I’ve been following the Android version of this, and grabbed a copy today (there’s a reason this isn’t in the mobile game forum - more on that in a minute):
On the surface this is a rudimentary 4X title. Settlers build cities, which gather resources (food and materials) automatically every turn from the 8 tiles surrounding them. Food is used to expand cities, and materials for everything else (purchasing troops, exploration). Each city can be expanded 3 times when the food bar is filled, and every expansion you have a choice of two structures, pushing back the FOW three tiles in every direction, getting a settler to build a new city, or converting the food to materials. You can have no more than 3 cities active at a time.
The catch is that the land is dieing. Every turn tiles become dead spaces, and the goal of the game is to accumulate 200 victory points before the entire board is dead. Cities can be abandoned at any time, replaced by a settler unit, so city placement is crucial, and you are always abandoning cities and building new ones as more and more of the board becomes unlivable.

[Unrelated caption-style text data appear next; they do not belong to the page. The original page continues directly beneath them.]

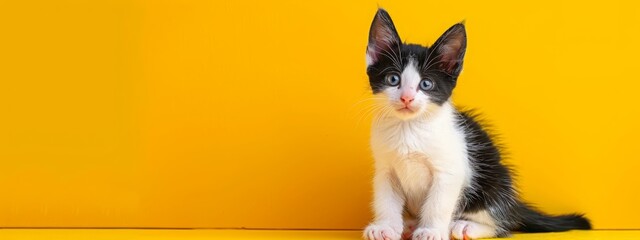 Cute shorthair tricolor kitten sits on a bright yellow background. Banner about pets. Creativ consept for animal shop. Top view, copy space - obrazy, fototapety, plakaty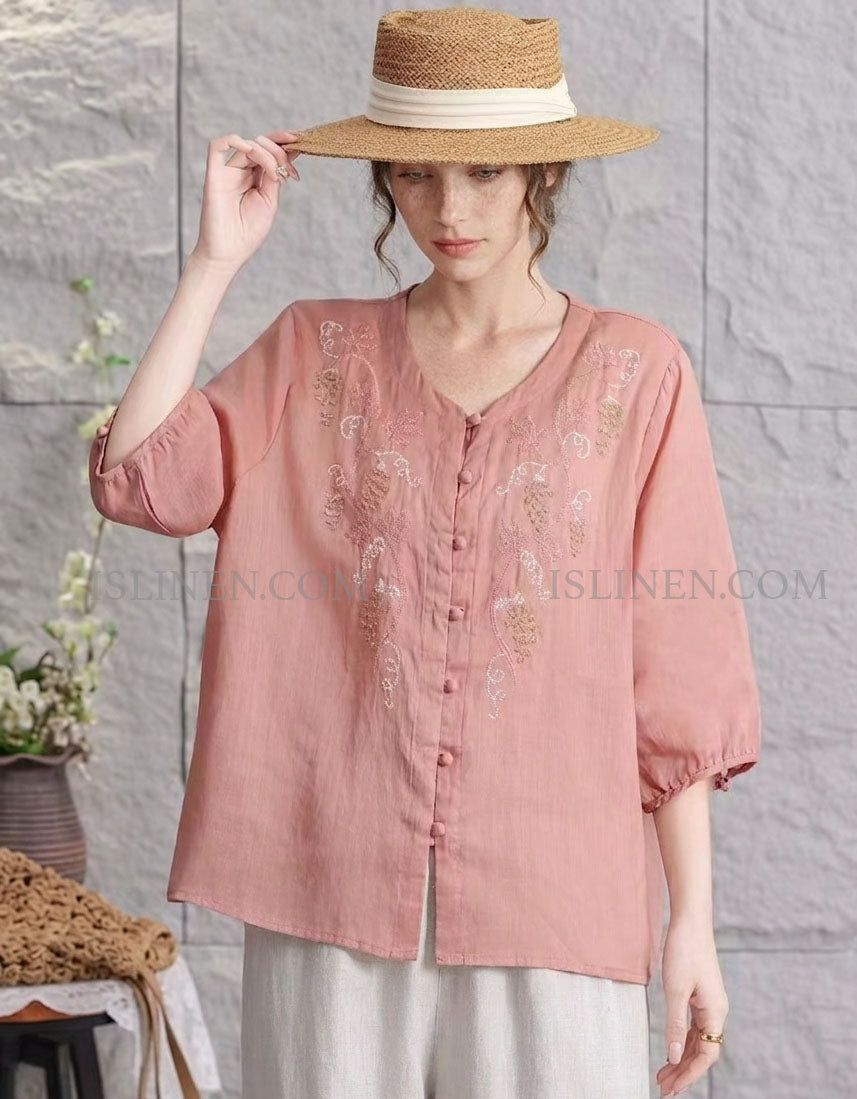 Boho Embroidered Linen Shirt Loose Fit Women Top
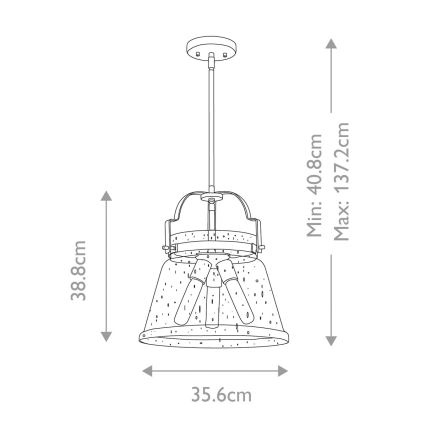 Quintiesse - Stangpendel WIMBERLEY 3xE27/60W/230V Ø 35,6 cm guld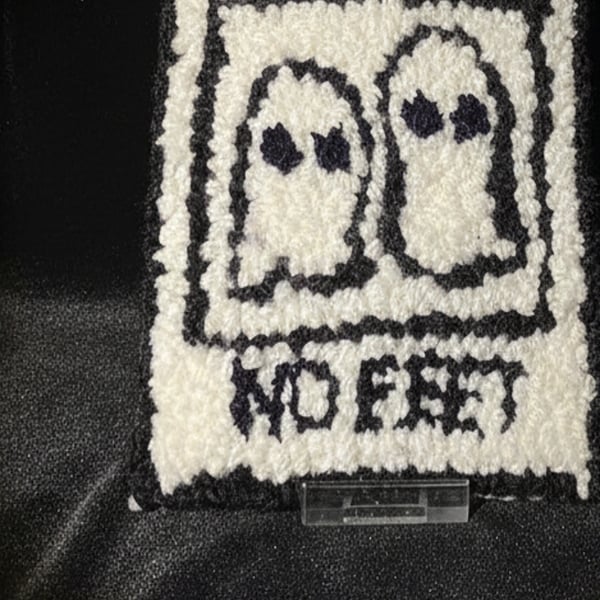 Beetlejuice Inspired No Feet Ghost Photo Punch Needle Halloween Decoration 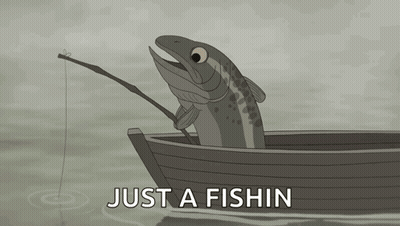 A Cartoon Of A Fish In A Boat With The Words Just A Fishin Above It GIF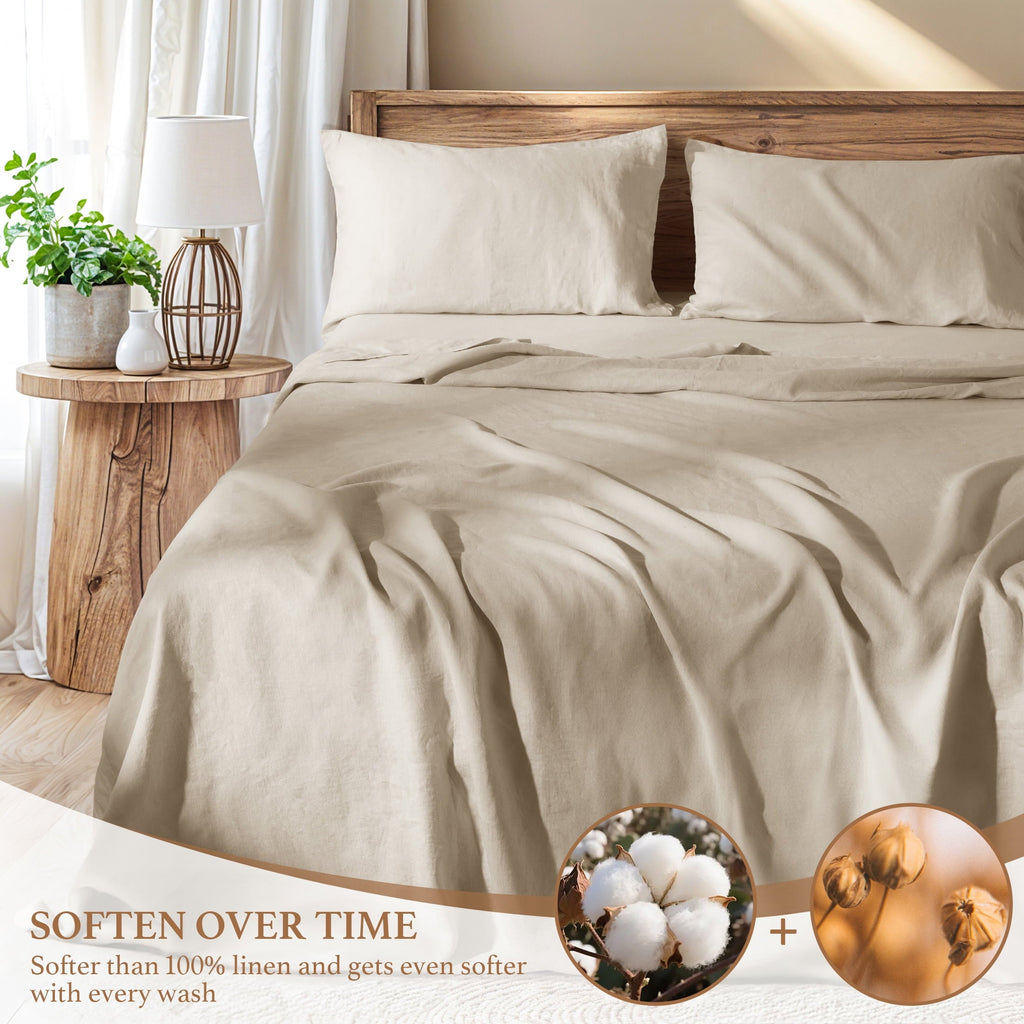Ultra-Soft Natural Linen Cotton Bed Sheets Set, Deep Pocket - Breathable - Durable - 4 Pieces (Linen, Queen) - Premium Ultra-Soft Pillowcase Pair for Sleeping Detail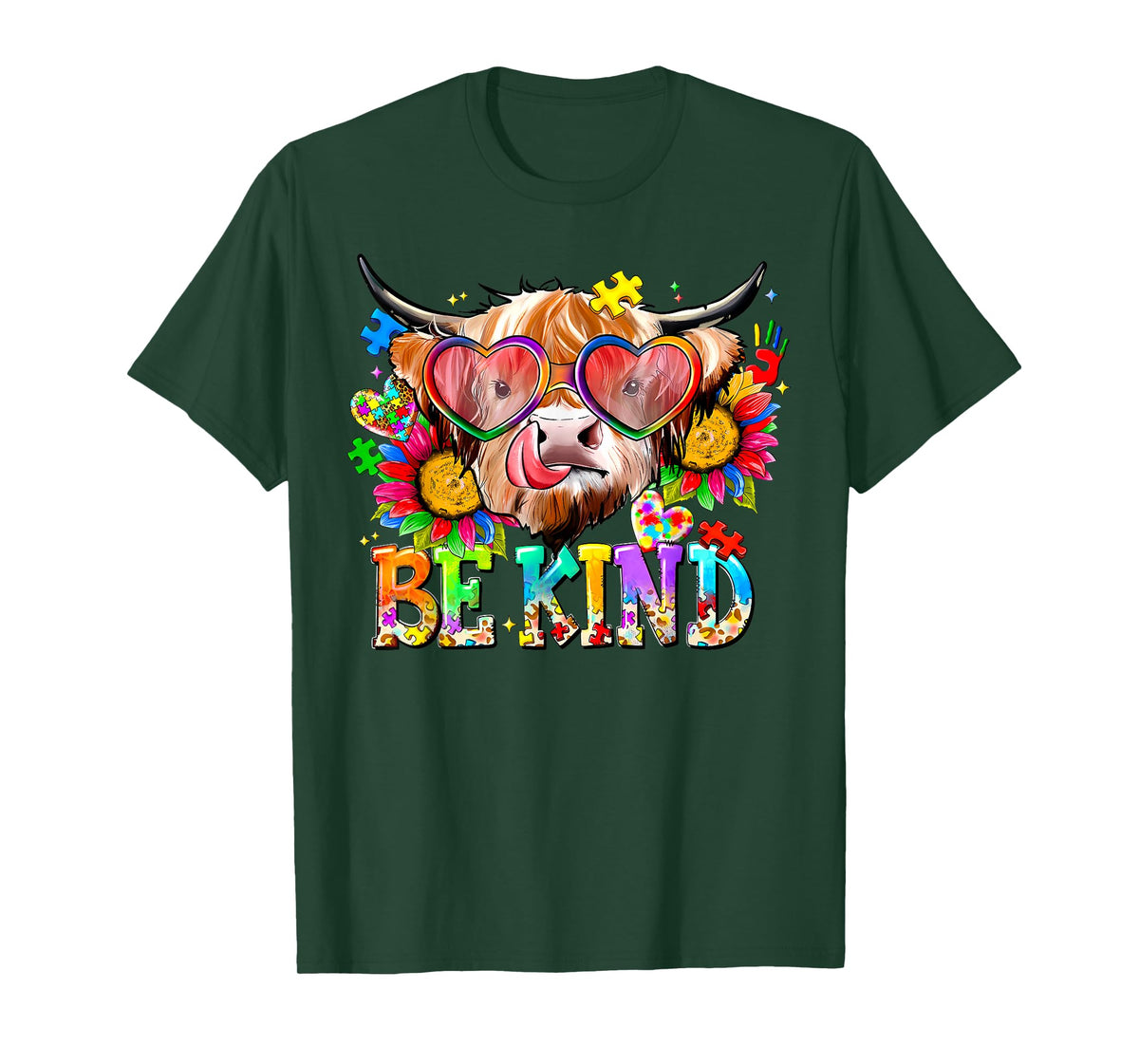 Be Kind Highland Cow Autism Awareness Inspirational Teacher T-Shirt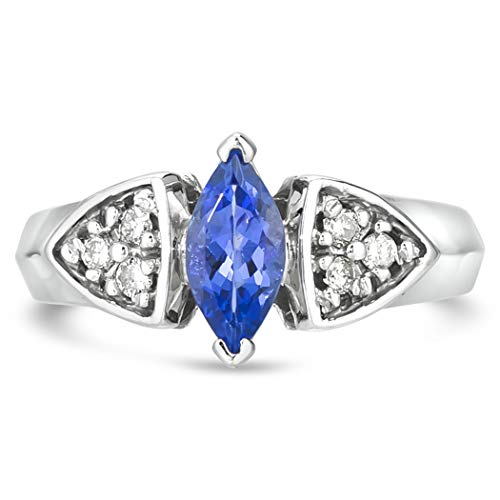 LE VIAN 1/8 Carat Diamond and Marquise Cut Tanzanite Trillion Shaped Shoulders Ring for Women in 14k White Gold (M-N Color, SI2-I1 Clarity, cttw) Anniversary Promise Ring Size 6.25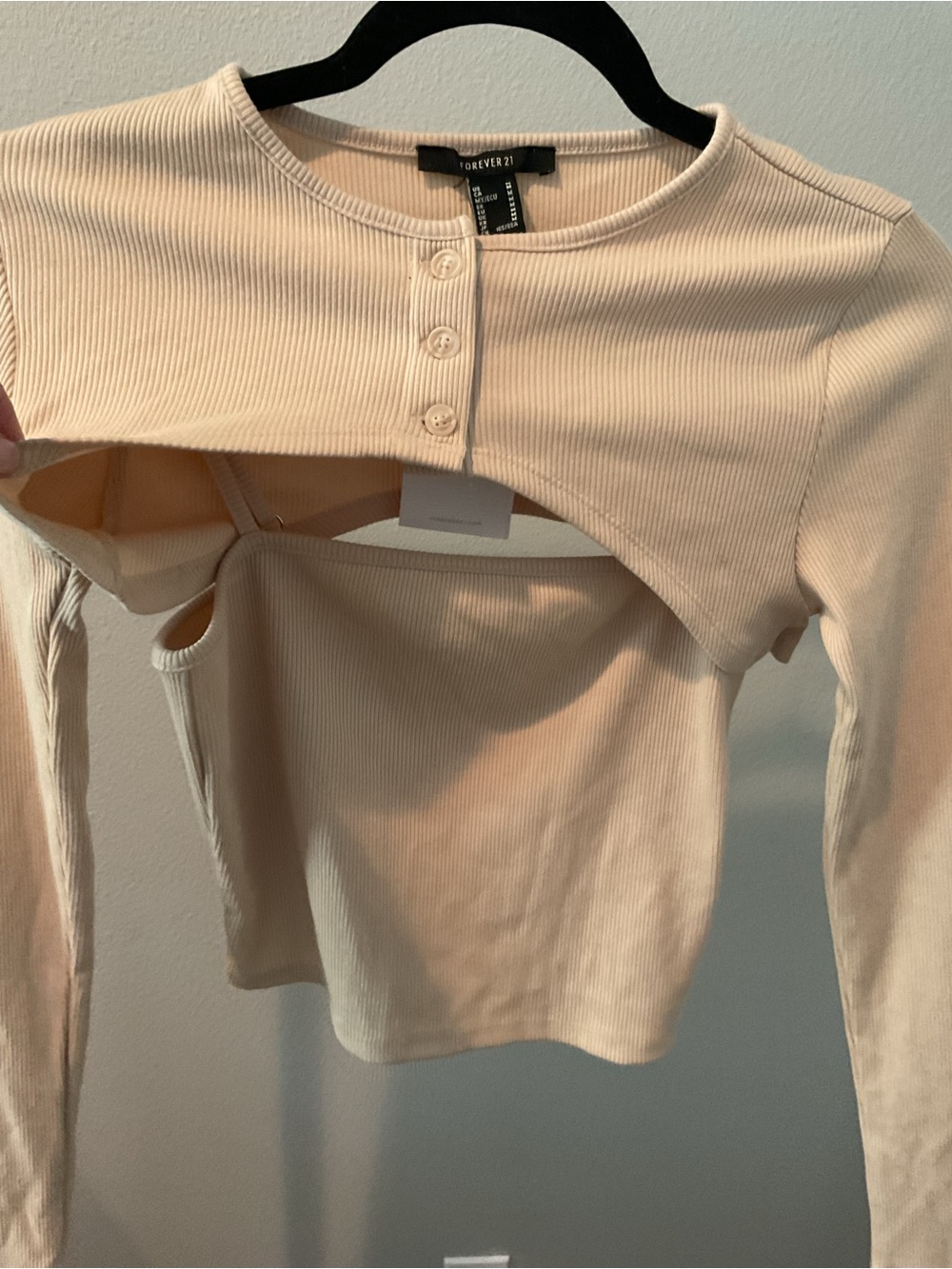 Forever 21 Cream Cutout Ribbed Long-Sleeve Crop Top - Picture 4 of 5
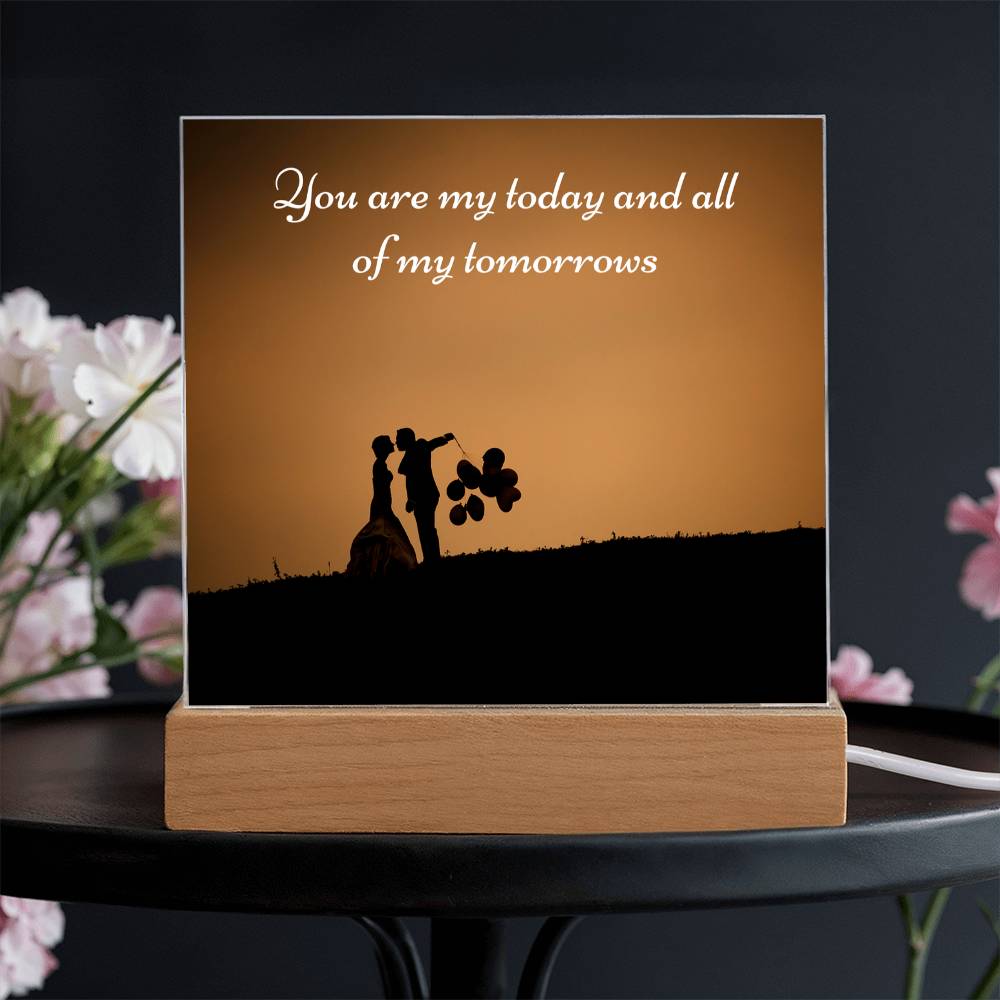 Wedding Gift Acrylic Plaque – You Are My Today Quote - - Acrylic Prints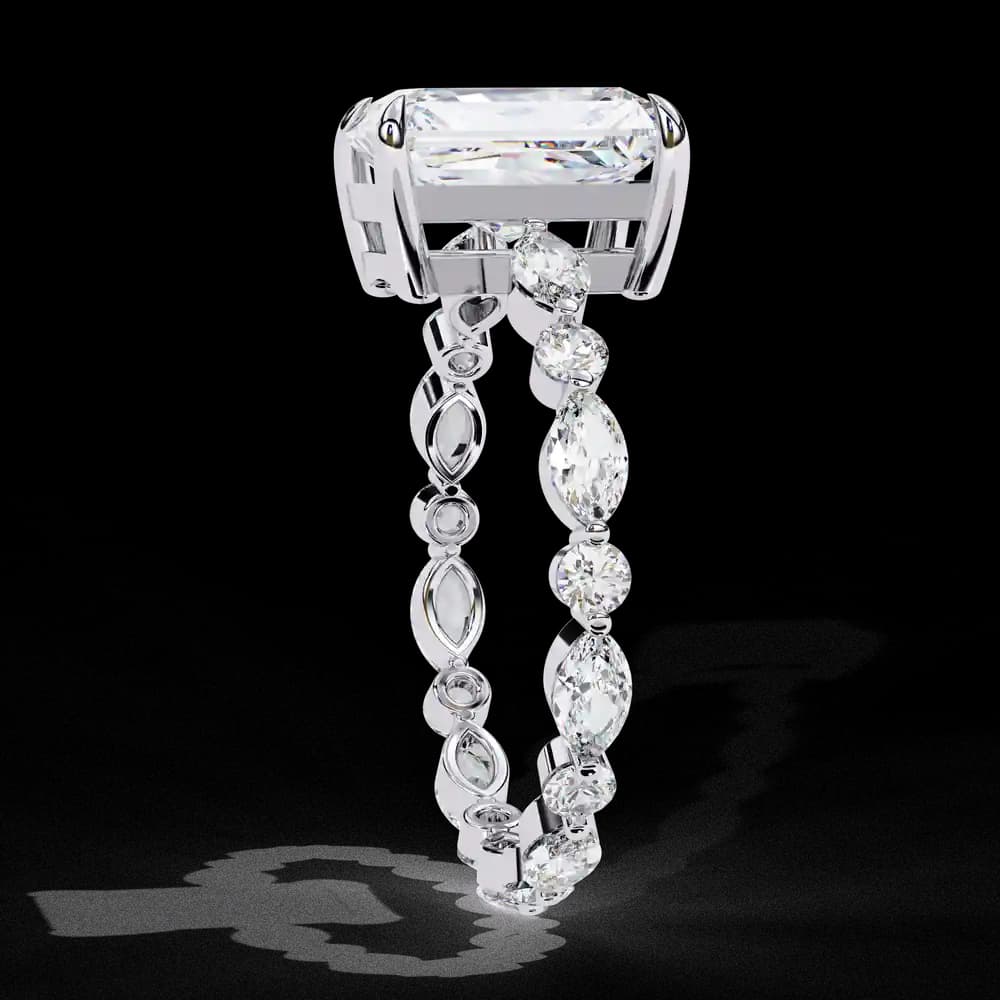 Radiant Cut Ring with Accents Lab grown diamond - Image 11 Radiant Cut Ring with Accents Lab grown diamond, view 11 of 13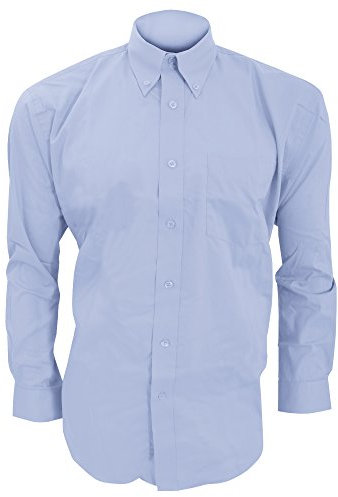 Kustom Kit Mens Corporate Oxford Shirt 17 Light Blue Button Down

Every so often a monster nest appears, and this is where combat (and the deck-building) come into play. Again, combat is deceptively simple. There are 3 kinds of units - infantry, cavalry, and archers. Infantry can only attack the adjacent tiles horizontally and vertically, cavalry can attack diagonally, and archers have a ranged attack. Combat starts with units placed randomly on opposite sides of a chessboard-like field. Every turn all units either move forward one tile, or attack an enemy unit if one is in range. HOWEVER - every turn you draw 4 cards from your deck. These cards either buff your units, debuff the enemy, allow you to cast a spell (if you’ve built a Shaman’s Hut in one of your cities), or allow you to do something with a unit (i.e. move an archer into cover). If you win a battle, you get to choose a new card to add to your deck. There are also “Strife” cards in the deck, which do nothing at all. That doesn’t sound too bad until you draw a hand of 4 of them. There are spells and city improvement that remove them from the deck.
So why am I posting about this here? Because even though the developer’s website only shows IOS and Android versions available for some reason, I happened to stumble across versions for Windows and the Mac over on GamersGate. It’s also on Steam Greenlight.
One more thing - it’s only $4.99, and well worth every penny.